# Hay too wet, hay too dry



## JD3430 (Jan 1, 2012)

Geeze, I spent my rookie season so far trying to make dry hay to avoid dust and fires. Got a text from a guy I custom baled for, says horses don't like what I baled from his field. He thinks it's too dry. Bale monitor read 10-20%. Some bales were over 20%. Looked nice & light green when put in the mow.
WTH am I supposed to do?


----------



## swmnhay (Jun 13, 2008)

Put him in the Horsey Folk category.Never satisfied and always complaining.

Kinda like a bad woman,pretty soon you just say heck with her and get rid of her.

Life is to short for putting up with some people!


----------



## Mike120 (May 4, 2009)

I don't know what kind of grass it was, but my normal reaction is that his horses just aren't hungry enough yet. As long as it's not mouldy, give them a few days and they'll probably be fine.


----------



## JD3430 (Jan 1, 2012)

My reply back to him was "it's probably because you are switching to a new-tasting hay and the horses need a little time to adapt to it. Not unlike when you switch dog foods and your dog hurls it up the first few times."

Thought it sounded good, anyways.....


----------



## HWooldridge (Oct 13, 2010)

You can't base quality on one person's complaint. Horse people usually twist a handful of hay to see if it breaks but if it's that nice light green color and smells good then most animals will eat it.


----------



## JD3430 (Jan 1, 2012)

Yes, light green and no bad smell. May be a little stemmy as is all 1st cutting hay in PA


----------



## Tim/South (Dec 12, 2011)

Stemmy is good. It does not cause compaction during the winter months when the horses drink less water. Horses need more roughage during the winter
I read that in a Natural Horsemanship article 10 years ago and have been using it ever since.


----------



## mlappin (Jun 25, 2009)

Tim/South said:


> Stemmy is good. It does not cause compaction during the winter months when the horses drink less water. Horses need more roughage during the winter
> I read that in a Natural Horsemanship article 10 years ago and have been using it ever since.


I've heard the same about cattle, not that a compaction is a problem. But around here for years always heard gotta give em more grain in the winter so they can stay warm. But I've seen a few articles advising people against giving their equines more grain in the winter to help em keep warm as they generated more body heat digesting hay than grain.
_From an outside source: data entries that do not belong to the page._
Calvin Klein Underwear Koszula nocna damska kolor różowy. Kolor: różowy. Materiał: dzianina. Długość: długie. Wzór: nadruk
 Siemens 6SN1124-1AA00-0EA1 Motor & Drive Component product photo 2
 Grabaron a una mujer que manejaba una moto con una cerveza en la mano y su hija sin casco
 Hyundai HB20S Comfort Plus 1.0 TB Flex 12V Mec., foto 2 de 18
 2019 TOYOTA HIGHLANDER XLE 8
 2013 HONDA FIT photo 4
If it gets cold enough in the winter I don't make the beef cows clean everything up before refilling the feeders and like to see that they have a choice between dry hay, silage bales, corn stalks and bean stubble bales if I have em. Our cows have over wintered in the woods for 6 or 7 years now doing this and I haven't lost one yet.


----------



## Tim/South (Dec 12, 2011)

I agree.
Heat is generated from the fermenting that occurs when hay is digested.


----------



## whitmerlegacyfarm (Aug 26, 2011)

JD


JD3430 said:


> My reply back to him was "it's probably because you are switching to a new-tasting hay and the horses need a little time to adapt to it. Not unlike when you switch dog foods and your dog hurls it up the first few times."
> 
> Thought it sounded good, anyways.....


I'm in here in PA and my wife has 3 horses, our horses are not picky but when spoiled with really nice 2nd cutting hay it will take them a few days to adjust, now that i'm doin my own baling i'm just learning also, they are eating everything i put to um, if theres something there they don't like they push it to the side oh well, but i realize you are selling it. It's tough to keep the fancy horse people happy from what i understand. We sold 240 bales right of of the field to a big horse stable and i thought it was to green/wet but they loved it called us back few days later and said they would buy the rest of my neighbors hay once it was baled. But they feed 10 bales a day so if it was a little wet they will go threw it in no time. We sell it for 3.00 right out of the field.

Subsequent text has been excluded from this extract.